Provided material.

_ _ _ _

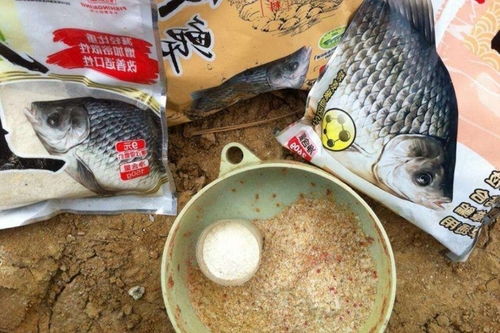 免手拌钓鱼饵料怎么样？深度评测与使用体验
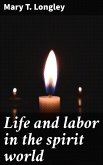 Life and labor in the spirit world (eBook, ePUB)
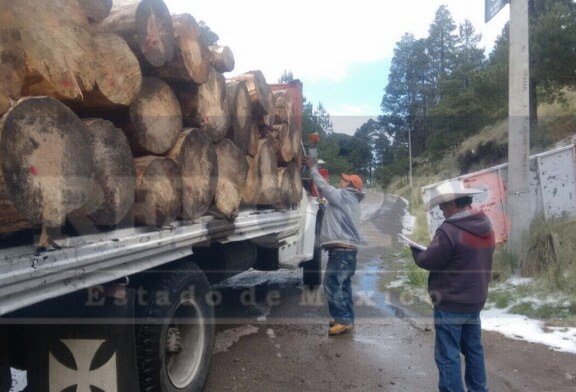 Ignacio Pichardo tras la tala de los bosques del Xinantecatl.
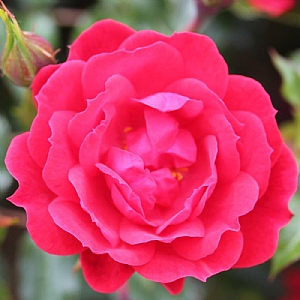 Raspberry Royale Patio Rose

_ _ _ _

Task to carry out. Write out again, word for word, the lines from the one holding "Ignacio Pichardo tras" through the final line of the listing, including both ends but no pictures.

Problem solution.
 Ignacio Pichardo tras la tala de los bosques del Xinantecatl.
 Raspberry Royale Patio Rose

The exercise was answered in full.